Amie de l’Angleterre, alliée de la Russie, la France n’a pas, comme elles, sur le chemin du Drang, dans l’Asie Antérieure ou sur le golfe Persique, des intérêts vitaux à sauvegarder. Mais elle ne peut oublier ni sa situation privilégiée dans le Levant, ni les droits qui lui restent d’un passé glorieux. C’est nous qui, de temps immémorial, avons représenté, dans l’Asie turque, la civilisation des peuples occidentaux ; c’est notre langue qu’on y parle et, grâce à elle, c’est notre goût qu’on apprécie, notre génie qu’on aime. C’est nous qui avons détenu jadis le monopole du commerce et qui en gardons encore une bonne part. C’est nous qui naguère avons conduit au succès le grand œuvre de Suez : que devient notre prestige si nous nous désintéressons de l’affaire de Bagdad ?

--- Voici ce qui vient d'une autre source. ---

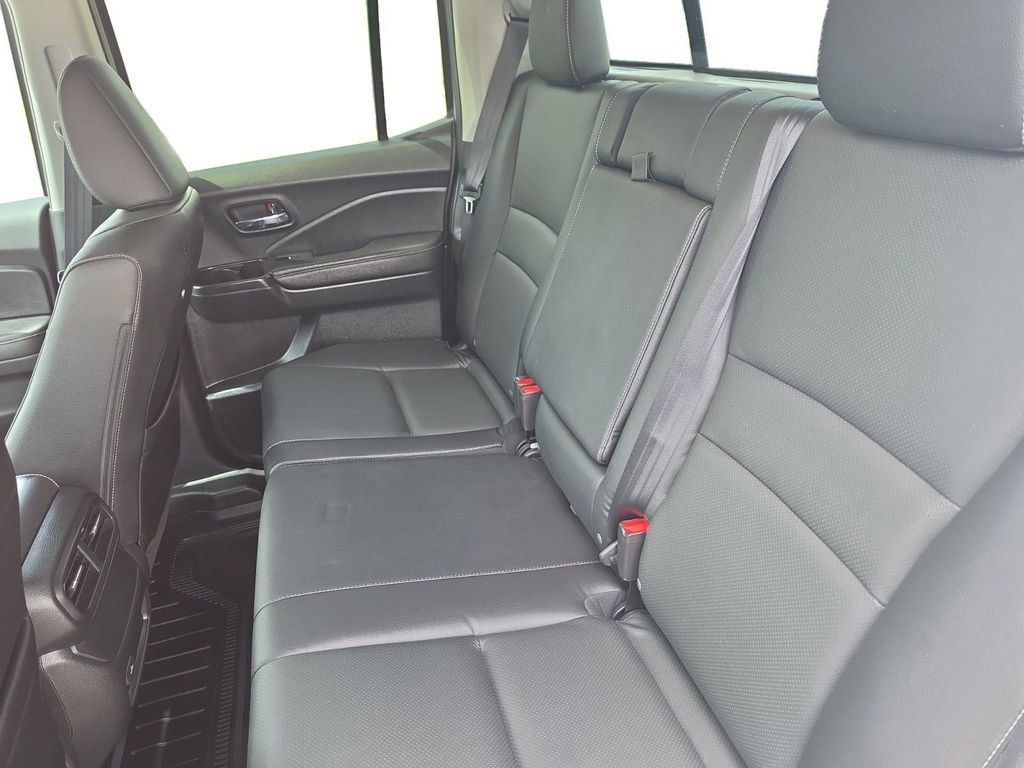 Used 2025 Honda Ridgeline RTL image 13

Il faudra bien du reste que nous y songions quelque jour, ne fût-ce que pour écarter des conflits plus ou moins lointains, mais inévitables. L’Allemagne est engagée à fond dans ce Drang oriental qui satisfait son irrésistible besoin d’expansion. La Russie et l’Angleterre défendent, l’une et l’autre, sur ce même terrain, des positions essentielles. Un tel antagonisme ne peut qu’amener des chocs redoutables. N’est-ce pas à nous de les prévenir ? Pourquoi n’essaierions-nous pas de concilier, par une série d’accords, les ambitions en présence ? Déjà Londres et Pétersbourg

  1. De Freycinet, la Question d’Égypte. Calmann-Lévy, 1905.